_Stored data_
=== Begin Enclosure ===
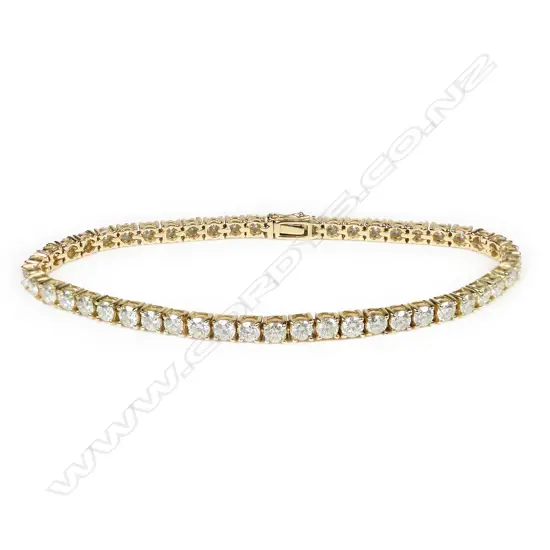 A 14ct gold and diamond tennis bracelet,
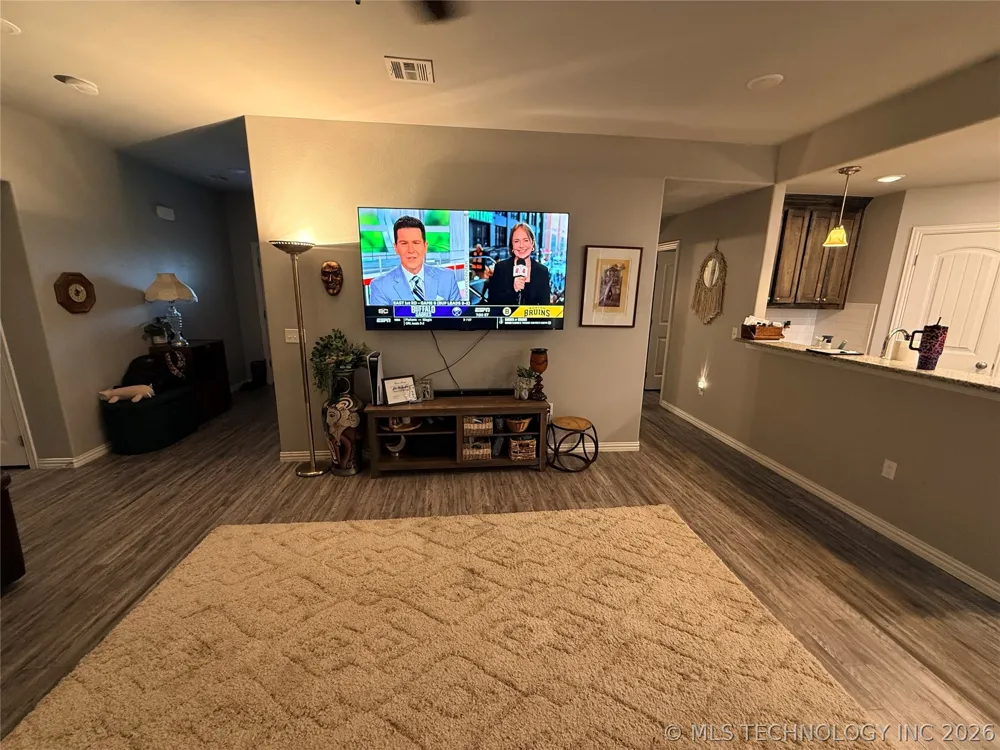 114 Lake Meadow Loop Drive Durant, OK 74701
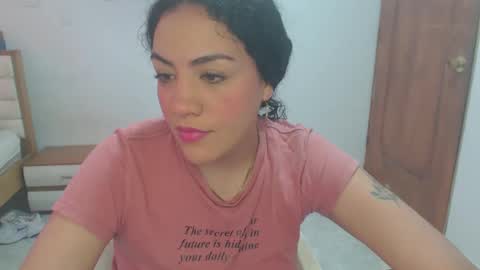 Snapshot of maryam_arabicmilk chatting on 10.05.25 maryam_arabicmilk online show from 10.05.25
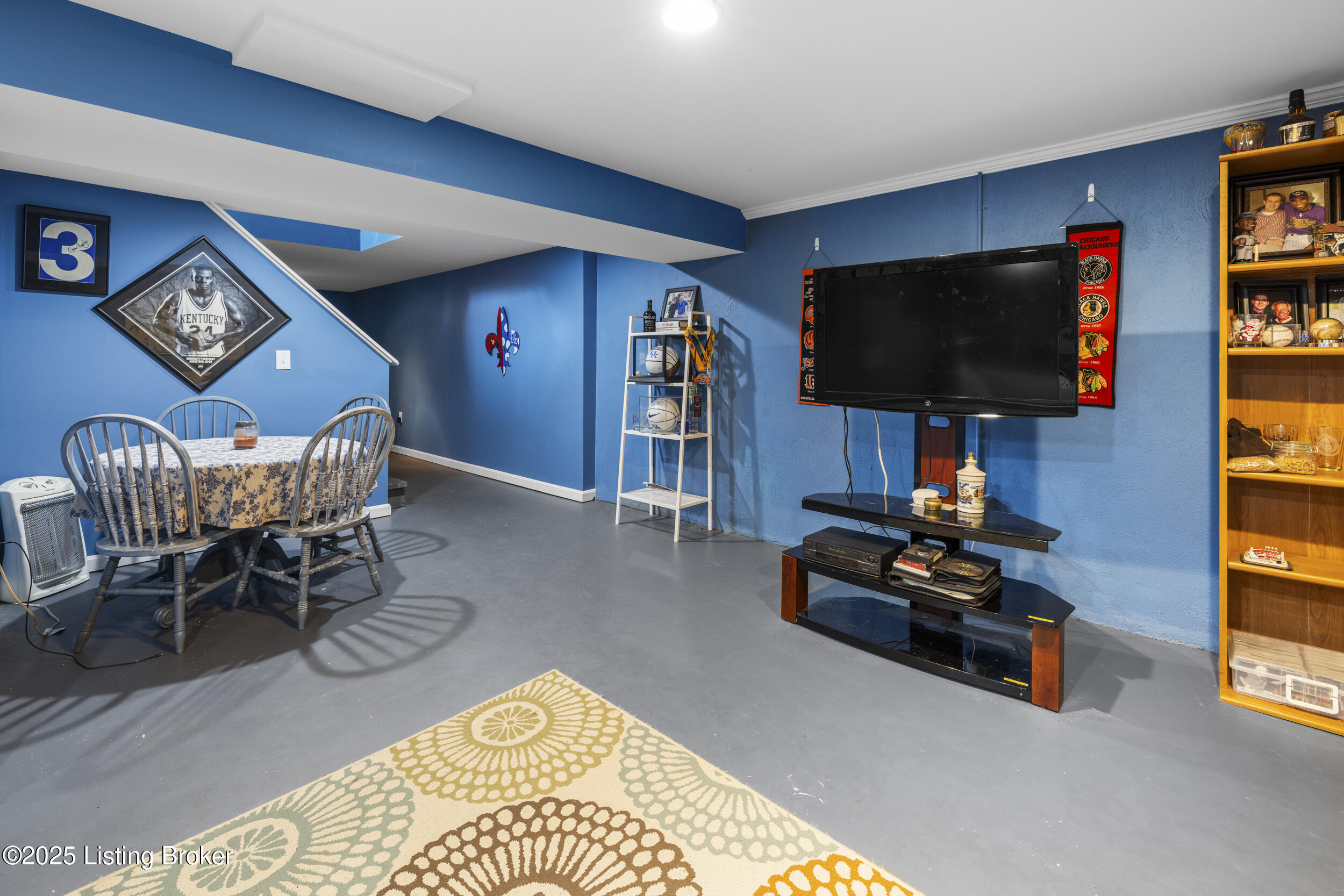 6708 Greenlawn Rd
=== End Enclosure ===
_What you are asked to do_
Go through the material and set it down again exactly, but without any pictures.

_Answer for this exercise_
 A 14ct gold and diamond tennis bracelet,
 114 Lake Meadow Loop Drive Durant, OK 74701
 Snapshot of maryam_arabicmilk chatting on 10.05.25 maryam_arabicmilk online show from 10.05.25
 6708 Greenlawn Rd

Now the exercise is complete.